Very cool
There is one about 100m long in Flagstaff Az, they said the next solar system is to the 100 m scale would be in Los Angeles
Had a look at it coming over just now. Clear sky in Melbourne so an excellent view.
It really is amazing to be able to see it so easily.
Nice bump!
I’ve been at a few BBQ’s over the years when I’ve had an alert giving me a heads up.
Most people are generally blown away by the accuracy of the prediction, at first they kind of don’t believe anything will happen but when it appears it does bring out a childish glee from even the toughest of characters.
Ithaca, New York state, has long had the equivalent, named after local resident Carl Sagan: it leads you from downtown to the Science Centre.
I like that story a lot
That would be the most literal example of “heads up” that I could imagine.
My folks did the coast to coast walk across Britain many years ago and I can remember them showing me photos of the same thing that stretched across many kilometres of the walk.
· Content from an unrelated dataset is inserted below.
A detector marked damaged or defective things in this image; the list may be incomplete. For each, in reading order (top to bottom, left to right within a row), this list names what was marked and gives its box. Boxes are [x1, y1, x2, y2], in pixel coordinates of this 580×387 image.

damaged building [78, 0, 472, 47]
Ha; went back to my 2008 photos and the audio by Bill Nye the Science Guy currently available on the website used to be accessible via a phone call.
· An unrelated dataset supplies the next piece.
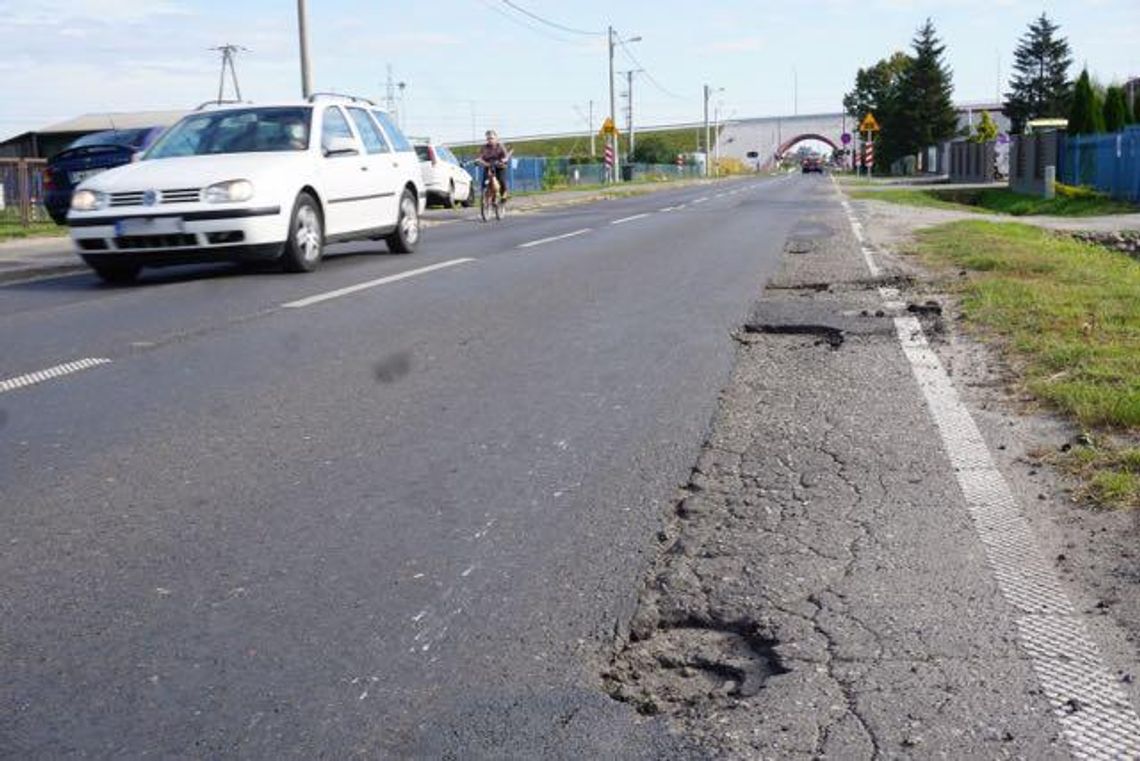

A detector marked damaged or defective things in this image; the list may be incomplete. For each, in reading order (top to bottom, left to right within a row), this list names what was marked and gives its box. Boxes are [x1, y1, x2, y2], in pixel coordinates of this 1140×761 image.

I guess there were more than a few dumb phones still around then.
Wow, I’d forgotten how blurry those days were before they invented HD and 4kUHD.
ISS in space, meh.
Prediciton of when it will fly overhead, oooh aaah.
Russian rocket launches are more spectacular then American ones. Just prettier to look at.
For those interested
The new space weather hub being set up in Adelaide
Captain kirk is going to space how cool.
I like the info about the Parker Solar Probe that’s on its way to the sun. It will approach the suns surface going to within 3.8 million miles away from the sun’s surface!
At that distance the probe will need to withstand temperatures of;
1,377 degrees celcius!
Has anyone got any Australian Research & Space Exploration merchandise?
I have a JAXA hat and tshirt.
That’s all my space merch.
Just read that the DSS Antenna in Canberra is now the sole means of communicating with Voyager 2, after it was offline for more than half of 2020. V2 is now at 128 astronomical units from earth. V1 is 154 AU (14.3 Billion Miles) . 21.5 light hours to signal V1 …
V1 is expected to reach the “Oort cloud” (if it exists) in 300 years, and take 30,000 years to pass through it!! These distances are hard enough to fathom. Then you consider that at 34,000 miles per hour, in 300 thousand years it will pass roughly 1 light year from another star.
Both Voyagers are expected to run out of power in a few years, 2025 at the latest. Which is a great pity, for some reason I’m fascinated by just how far these things make it. Unless they collide with something, they’ll always be the furthest manmade objects in the universe (barring new propulsion tech) as New Horizons (the mission sent to Pluto) has a lower speed and will never catch them.
NASA should take the lead from all those pissant companies and blame that on covid-19.